Er war sieben Jahre alt, bald acht. Zum ersten Mal besuchte er das Land seines Vaters. Zum ersten Mal betrat er afrikanischen Boden, schnupperte die Luft, die anders roch, als er es bisher kannte. Würziger, irgendwie. Lebendiger. Die Welt war ihm fremd, und doch fühlte er, dass ein Teil von ihm hierher gehörte.
In der Schweiz, im Dorf, in dem er aufwuchs, war sein Zuhause eine Andeutung von Anderssein. „Anders“ – ein Wort, das ihn stets begleitete. Die Wände in der Dreizimmerwohnung, in der er mit seiner Schwester und seiner Mutter die meiste Zeit seiner Kindheit verbrachte, waren bunter gestrichen als bei seinen Klassenkamerad:innen; mal gelb, mal pink. Künstliche Tigerfiguren und Dschungelpflanzen dekorierten das Wohnzimmer.

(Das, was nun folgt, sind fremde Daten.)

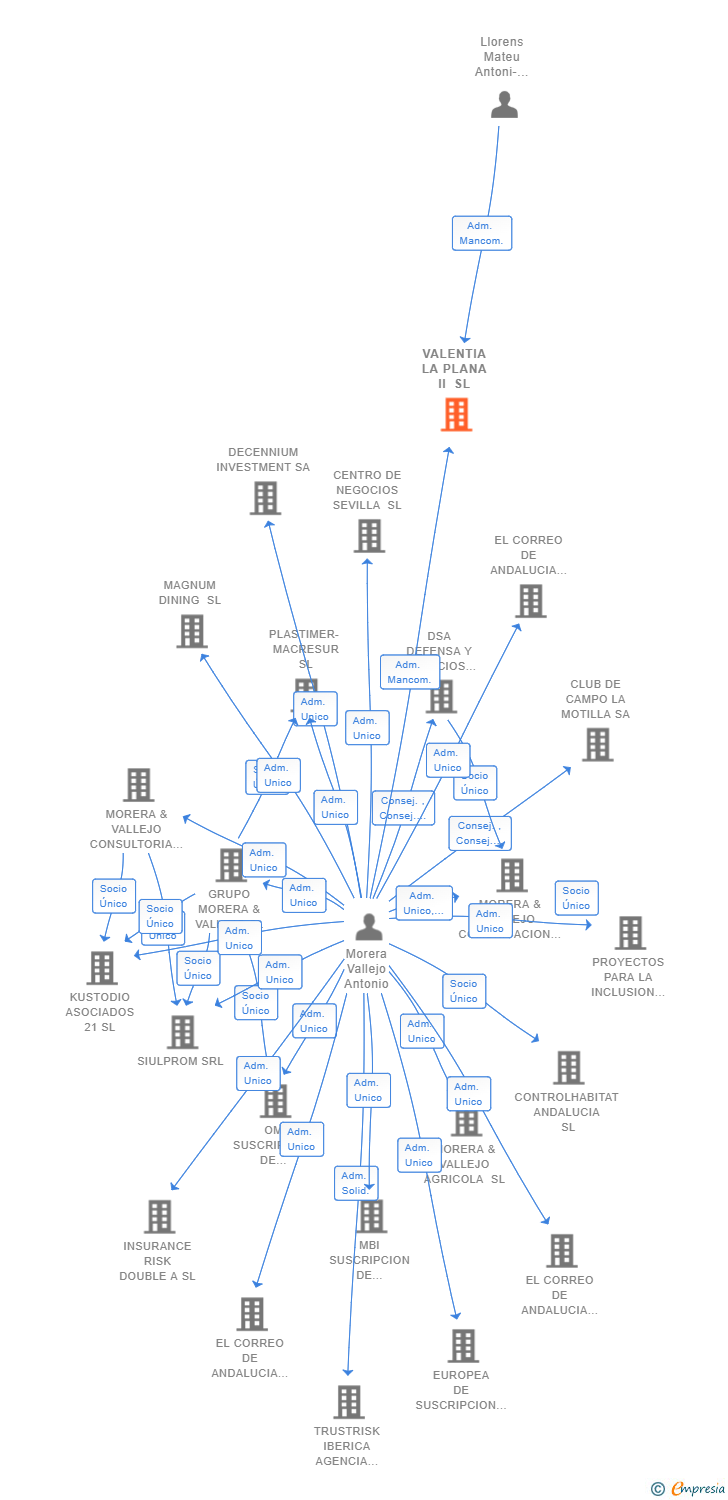 Vinculaciones societarias de VALENTIA LA PLANA II SL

Anders war auch das Gefühl seinem Vater gegenüber – anders, als er es bei seinen Freunden und Cousins wahrnahm. Wenn Papa anwesend war, erfüllte eine Anspannung den Raum. Eine Strenge, als säßen die Geschwister im Klassenzimmer: sich zusammenreißen, nicht stören, nicht sie selbst sein dürfen. Erst wenn er weg war, wirbelten sie durch die Räume, spielten, schauten ihre Fernsehsendungen, hatten Flausen im Kopf.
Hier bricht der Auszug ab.